The film is padded out by various sub-plots involving individual villagers and farmers and their various conflicts and secrets that come out into the open by Newman’s proposal: local butcher Roger, married to the curvaceous former Miss Calvados winner Gisele, frets that if his wife participates in the proposal, she will become the cynosure of all lustful men’s eyes and tries to stop her participation; two farmers with claims to Chollet Field nearly end up derailing Newman’s project; a young man returns to the village to close down his father’s photography studio and camera shop and ends up falling in love with local lass Charlotte; a family of Parisian city-slickers who have moved to the area struggle to come to terms with the isolation, the social and religious conservatism, and the allergies caused by local pollen. The local pharmacist disapproves of Newman’s project and complains to regional bureaucrats. With these and other sub-plots, the wonder is that the villagers come to life at all, and indeed most characters remain flat stereotypes. Cluzet at least holds his own as the mostly jovial mayor who bounces from one part of his realm trying to get support for Newman and at least hold back simmering frustrations and enmities enough for the project to succeed.

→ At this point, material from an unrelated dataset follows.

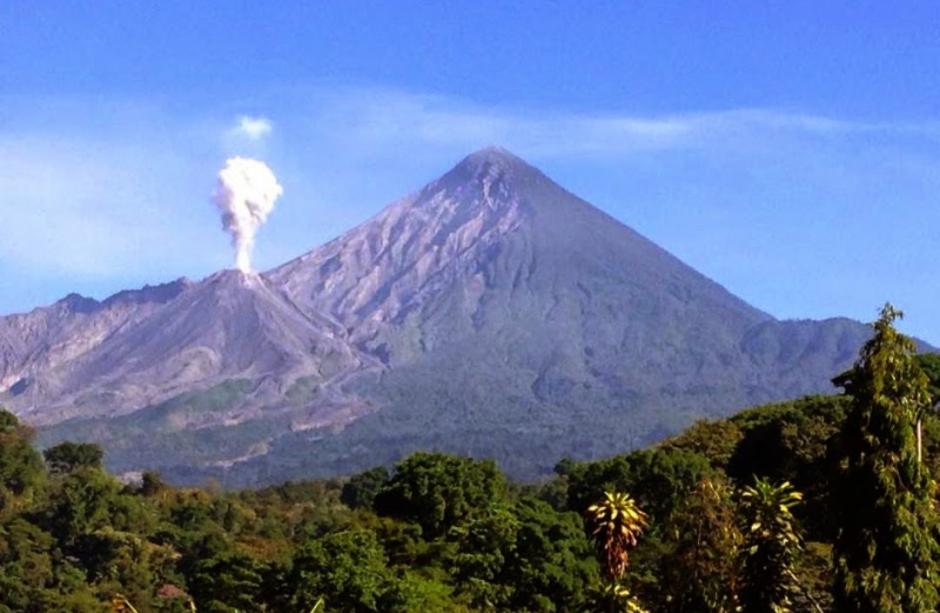 El Insivumeh alerta sobre el descenso de un lahar moderado del volcán Santiaguito, ubicado en Quetzaltenango. (Foto: @Stereo100Noticias)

The film addresses too many topical political and social issues at once in a series of vignettes and skits to be convincing, and its general presentation of these topics, ranging from the destruction of France’s rural industries by a remote European Union bureaucracy and regulations to climate change and the presence of carcinogenic chemical preservatives in beef, is so superficial as to verge on cheap exploitation for laughs. It attempts satire in the treatment of the Parisians who try to ape country traditions. Probably the only issue the film succeeds in delineating to any great extent is whether French assets – the land, the people who populate it, their own bodies even, not to mention their culture and history – can and should be exploited as commodities for profit, and forced to compete with one another for money in the form of government subsidies. The film’s continued treatment of Newman’s project, the village’s response to it and how the villagers deal with their underlying conflicts that the project inadvertently exposes, tells where director Philippe le Guay’s opinion falls. While the film’s conclusion is left open and might dissatisfy most viewers, the message is clear that the villagers have resolved to deal with their most pressing problems in an open-minded way that invites compromise, reconciliation and creativity.